#### SUPPLIED DATA ####

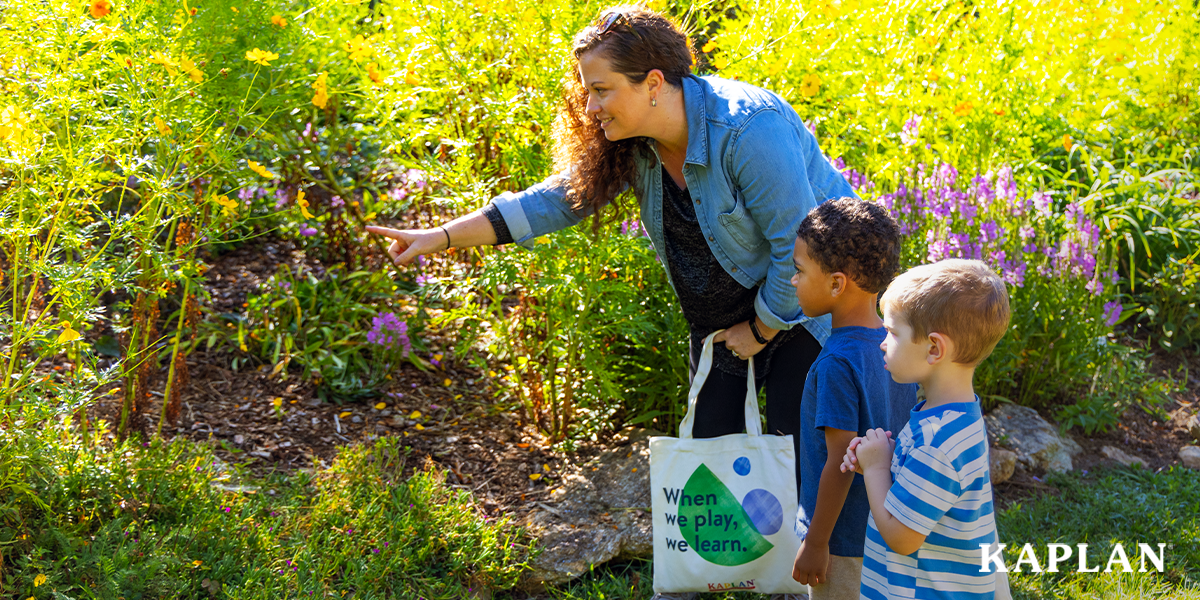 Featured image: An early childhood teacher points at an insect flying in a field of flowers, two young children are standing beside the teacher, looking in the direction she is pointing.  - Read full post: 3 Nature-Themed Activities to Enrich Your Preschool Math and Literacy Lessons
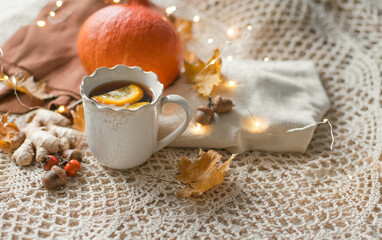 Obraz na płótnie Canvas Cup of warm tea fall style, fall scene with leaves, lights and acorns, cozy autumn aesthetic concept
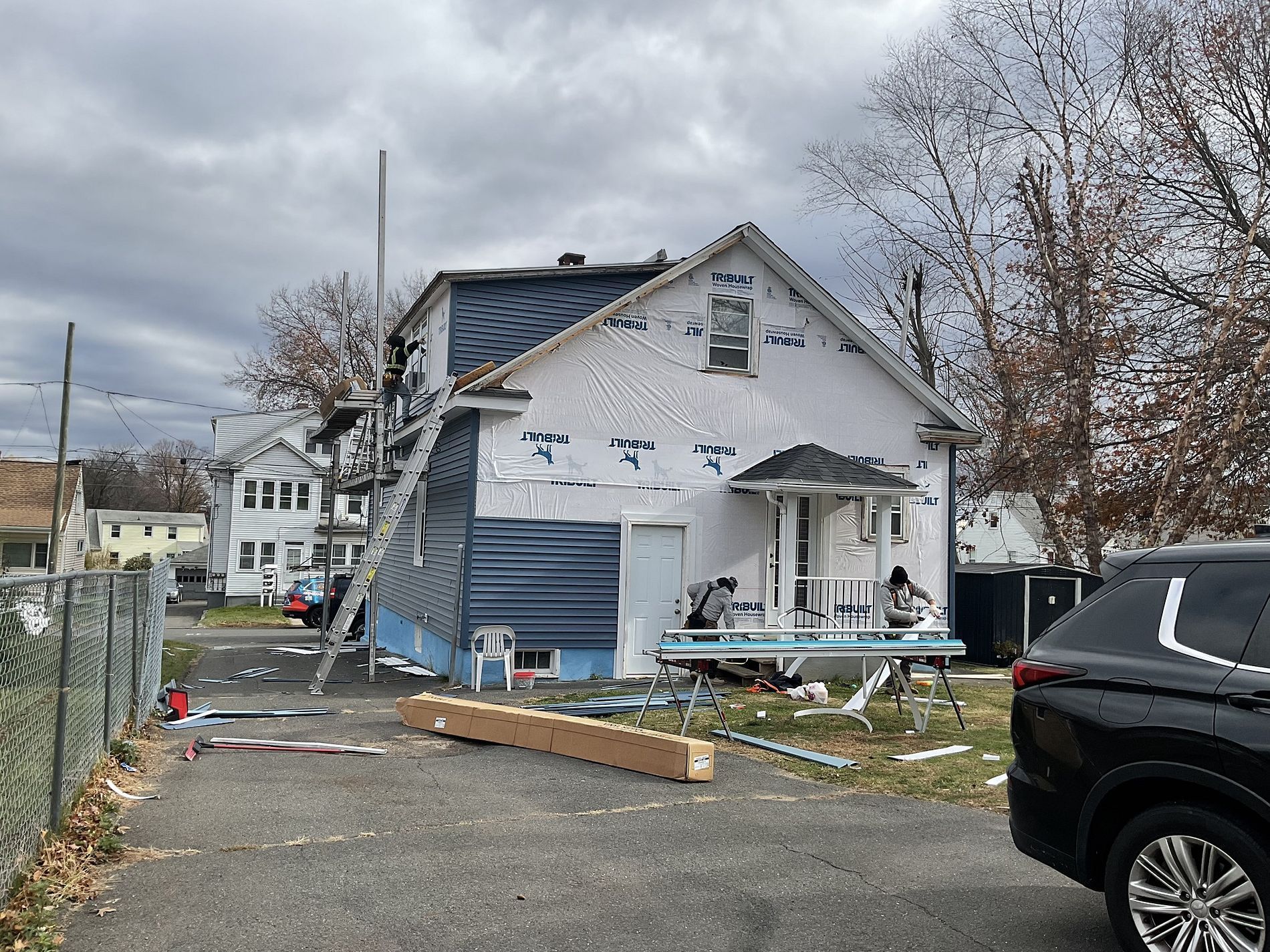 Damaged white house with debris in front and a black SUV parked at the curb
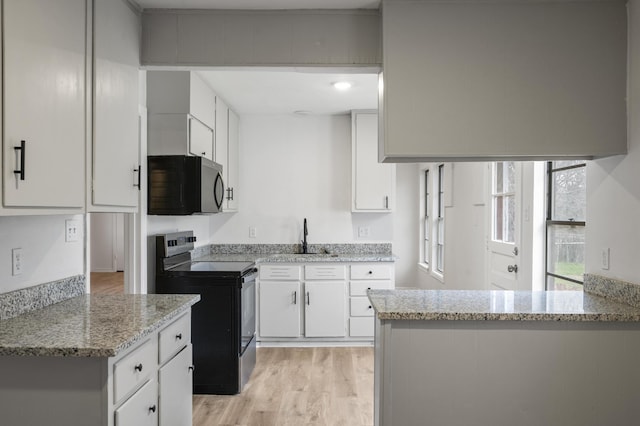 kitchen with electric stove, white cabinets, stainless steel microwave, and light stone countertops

####

#### [ASSIGNMENT]
Repeat verbatim the lines from the one with "Obraz na płótnie" through the end of the listing above. Include both ends, add nothing, and exclude the pictures.

#### [PROBLEM SOLUTION]
 Obraz na płótnie Canvas Cup of warm tea fall style, fall scene with leaves, lights and acorns, cozy autumn aesthetic concept
 Damaged white house with debris in front and a black SUV parked at the curb
 kitchen with electric stove, white cabinets, stainless steel microwave, and light stone countertops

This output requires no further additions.